# Multi-function mania: App-enabled smart watch shipments to reach 36 million p.a. by 2018



## Michael Weare (Mar 21, 2011)

Apple and Samsung already dominate the world of smart phones. Now it seems they are all set to dominate the world of app-enabled smart watches. New findings from leading hi-tech analysts, Juniper Research, have revealed that app-enabled smart watch shipments will reach 36 million per annum by 2018, compared to just over 1 million this year. Who knows, this trend could even see the emergence of a new watch forum on Watchuseek!

The new report found that shipments of smart watches will be driven by a new Multi-function segment capable of performing an array of additional functionalities such as tracking fitness and sports activities, payments or ticketing compared to the more limited Dashboard/Console segment.

*Apple & Samsung's Key Role *









Juniper's latest report, _'Next Generation Smart Watches: Market Prospects 2013-2018 ' _contends that the entrance of Apple and Samsung into this sector - as suggested by recent trademarks and patents - will help to validate the category and act as a catalyst for other competitors to enter the space.

Report author Nitin Bhas stated: _"By educating and publicising this device segment to the consumer, Apple and Samsung will indeed act as a catalyst to the market. In addition, being a key influencer, these player's entry into the smart watch segment will benefit existing smart watch players - providing an increase in awareness and adoption of other wearable devices" . _

However, the smart watch invasion is unlikely to dampen the passion for Swiss mechanical watches. The report noted that both smart watch categories - Dashboard/Console and Multi-function - will only appeal to a niche demographic when compared to tablet and smart phones for example and hence the market potential will be comparatively limited.

*Premium and standard price models to differentiate smart watches *

The report defines Multi-function Smart Watches as premium products, thereby differentiating them from existing products such as the Pebble and the Sony Smart Watch. This is expected to result in a multiple price band category similar to the current smartphone market. This means that while the average retail cost for Dashboard/Console smart watches will decline over the forecast period, pricing for the Multi-function devices will remain almost constant.
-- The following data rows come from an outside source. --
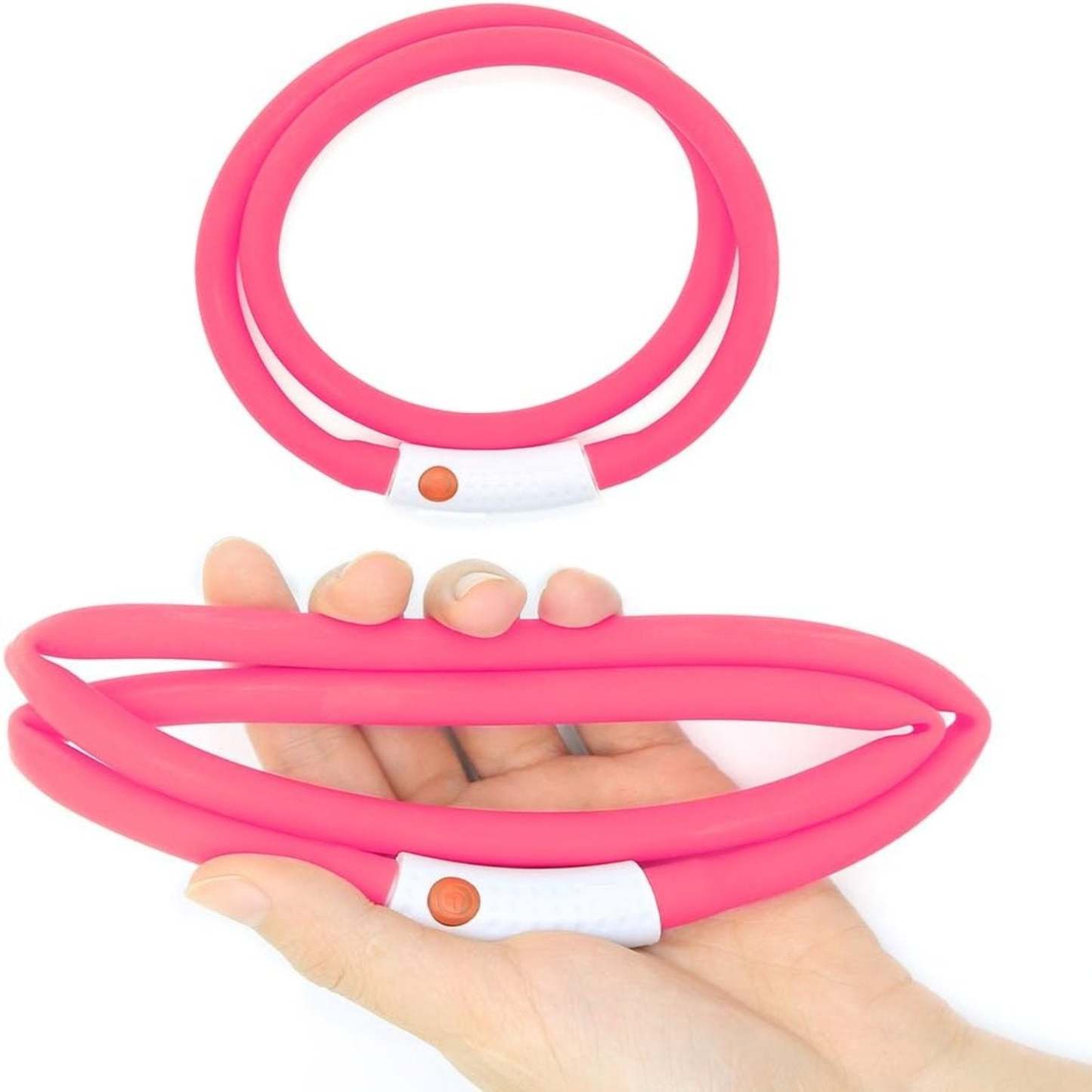 USB Rechargeable LED Safety Collar For Pets-Paw Print Pad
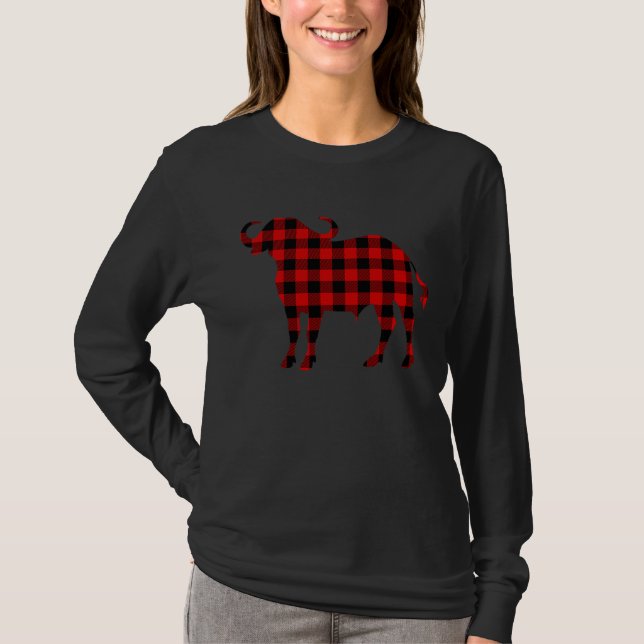 Buffalo Red Buffalo Plaid Tamaraw Matching Family  T-Shirt (Vorderseite)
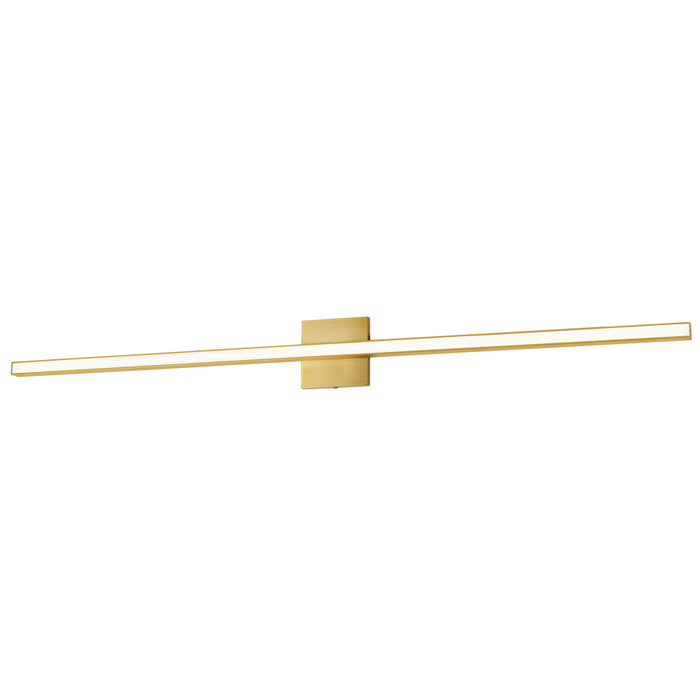 Arandel Vanity Light - 36W LED - Aged Brass - White Acrylic Diffuser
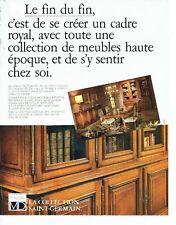 PUBLICITE ADVERTISING 027  1980  meubles MD bibliothèque  coll  Saint Germain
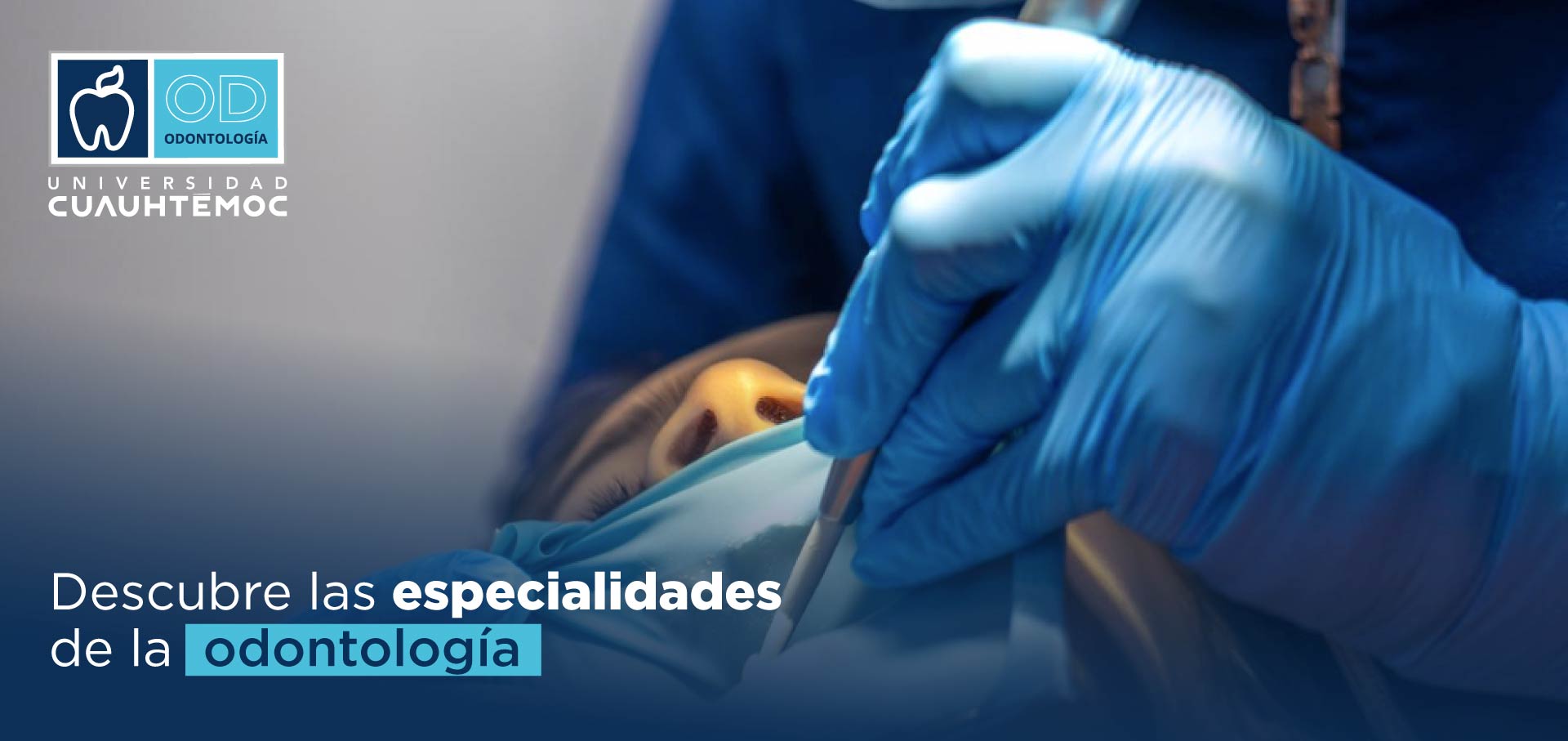 Banner Especialidades de odontología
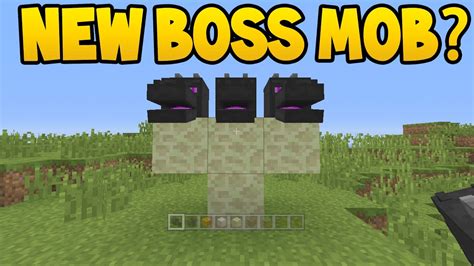 NEW BOSS MOB ADDED TO MINECRAFT ? - YouTube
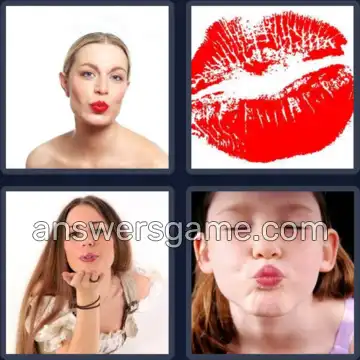 4 Bilder 1 Wort 8 Buchstaben KUSSMUND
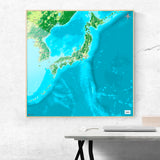 Japan-Landkarte [Jalma Design] im Raum 2 | Weltkarte Landkarte Stadtkarte von mapdid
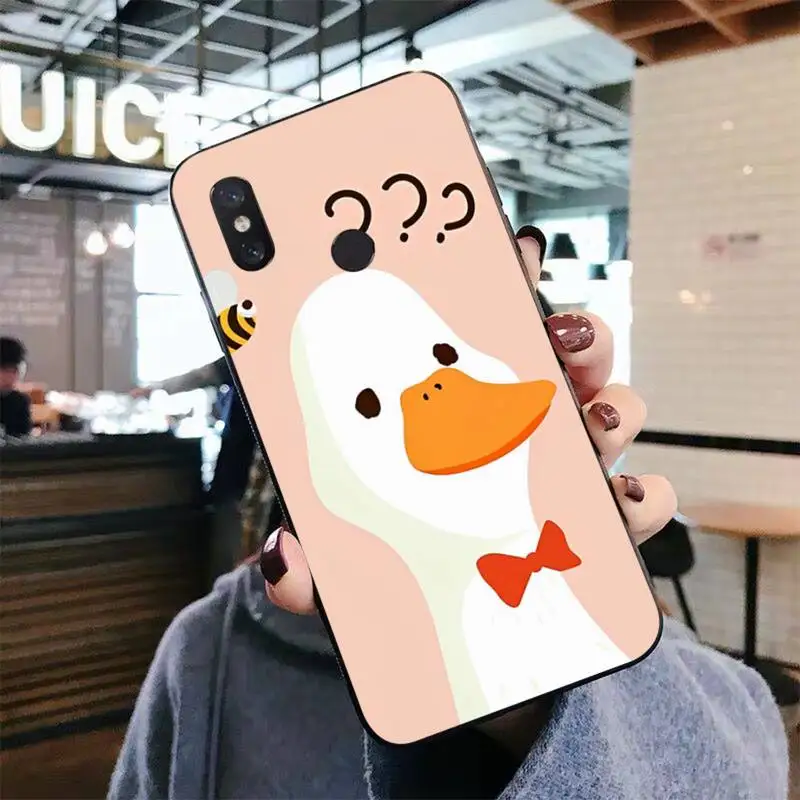 YNDFCNB Goose duck cute Phone Case For Xiaomi Mi 5X 8 9 10 11 12 lite pro 10T PocoX3pro PocoM3 Note 10 pro lite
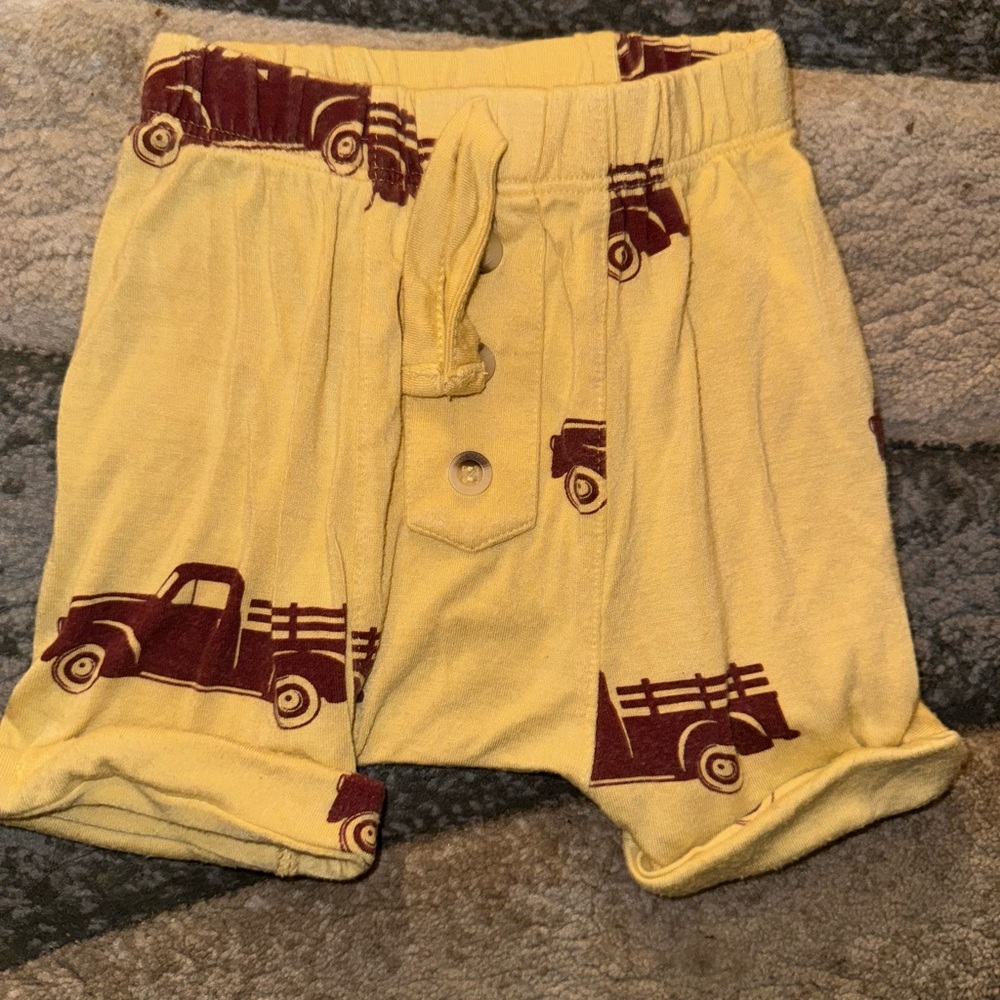 Kate Quinn Farm Truck bamboo shorts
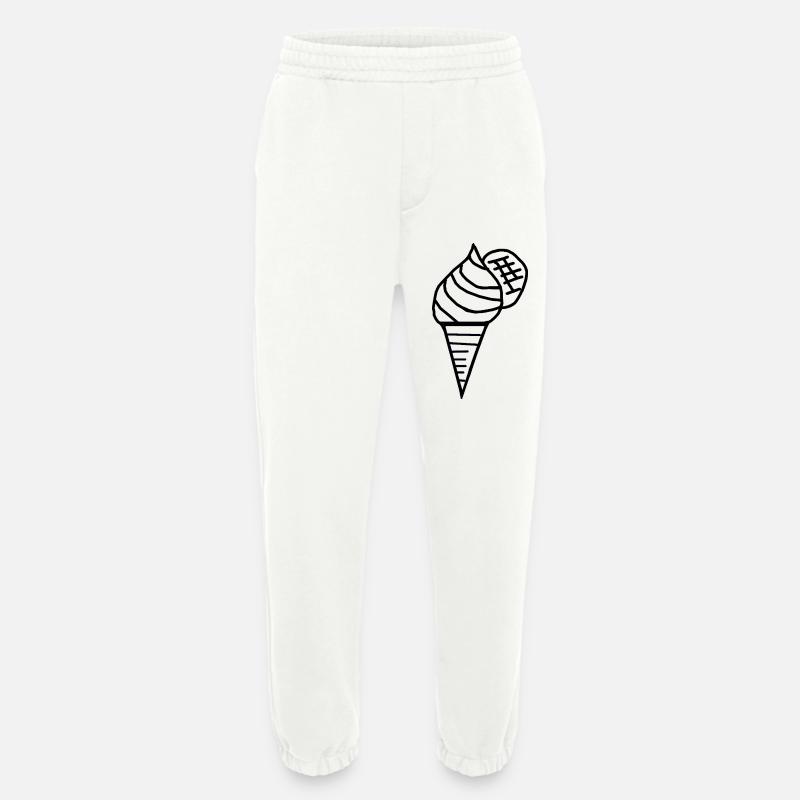 Eis  Eiscreme 60er Retro Eiswaffel Kinder - Heavyweight Jogging Pants - made by SPREAD  - OFF WHITE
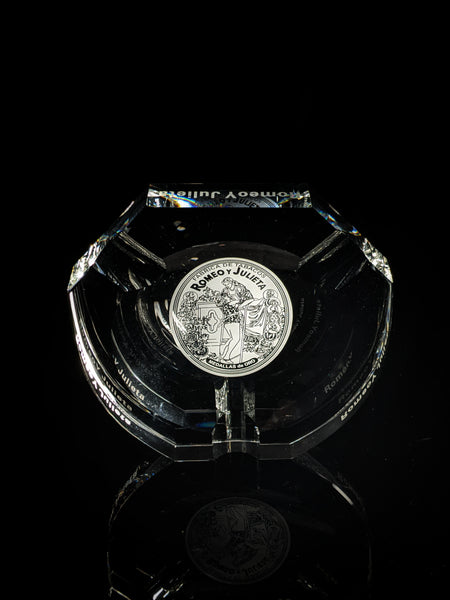 Large Cigar Clear Crystal Ashtray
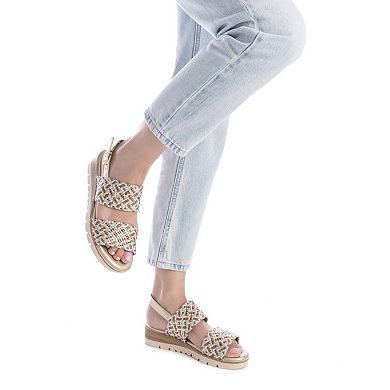 Women's Double Strap Flat Sandals By XTI 143948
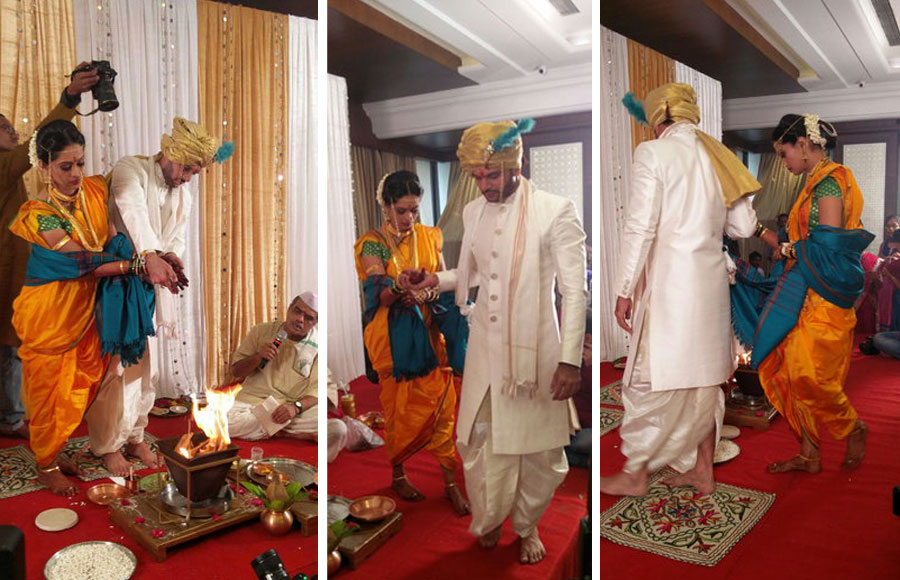 Wedding pics of Ravish and Mugdha!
Other key findings reveal significant opportunities will arise for app developers - across the health, fitness, sports and communications segments. And App-enabled mobile wireless accessory shipments will approach 170 million by 2018.

If you want to find out more about this subject you can visit the Juniper website and download their full report _'Smart watches&#8230;it's about time'._

Visit the Juniper website


----------



## Perseus (Mar 25, 2010)

Sounds like nothing more than a big guess considering the market is currently selling over $1 million units annually and we don't really have any awesome smart watches on the market.

I don't anticipate the smart watch being anything beyond an extension of the smart phone itself. Meaning, it syncs to your phone and displays info from your phone onto the watch screen. I think there is a market for it, but I don't think a watch enthusiast will stop wearing their favorite watches when they can get the same information and functionality by taking their phone out of their pocket.


----------



## mosesu (Aug 30, 2013)

It's cool


----------



## DarthVedder (Jun 12, 2011)

Perseus said:


> Sounds like nothing more than a big guess considering the market is currently selling over $1 million units annually and we don't really have any awesome smart watches on the market.
> 
> I don't anticipate the smart watch being anything beyond an extension of the smart phone itself. Meaning, it syncs to your phone and displays info from your phone onto the watch screen. I think there is a market for it, but I don't think a watch enthusiast will stop wearing their favorite watches when they can get the same information and functionality by taking their phone out of their pocket.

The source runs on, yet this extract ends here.